> **Work instruction**
Copying exactly, give the lines in the material below from the one with "Trouwjurk (Wit) van Vintage" to the one with "Used 2012 Jeep Liberty Sport", ends included, and nothing besides.

> **Data for this exercise**
%%
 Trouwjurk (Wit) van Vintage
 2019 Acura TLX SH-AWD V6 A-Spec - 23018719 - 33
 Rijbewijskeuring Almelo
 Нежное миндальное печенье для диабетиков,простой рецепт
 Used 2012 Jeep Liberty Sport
%%
%%
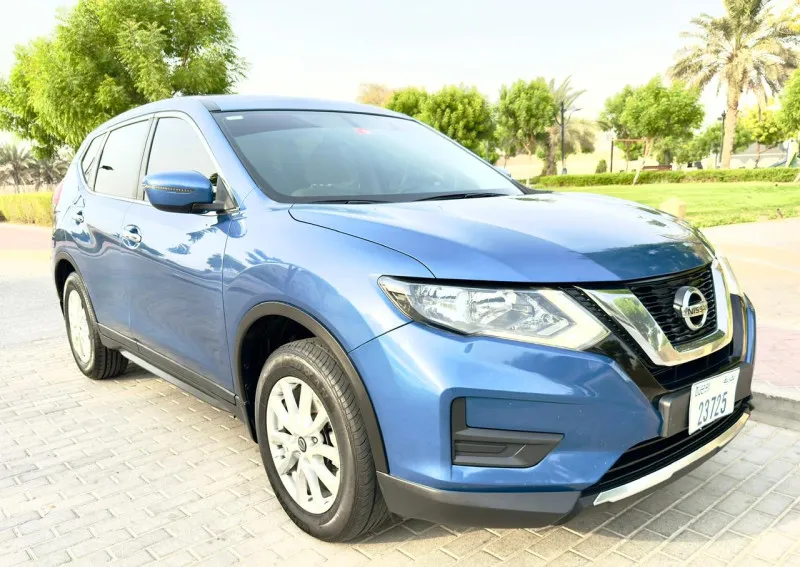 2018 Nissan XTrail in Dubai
%%
> **Exercise response**
 Trouwjurk (Wit) van Vintage
 2019 Acura TLX SH-AWD V6 A-Spec - 23018719 - 33
 Rijbewijskeuring Almelo
 Нежное миндальное печенье для диабетиков,простой рецепт
 Used 2012 Jeep Liberty Sport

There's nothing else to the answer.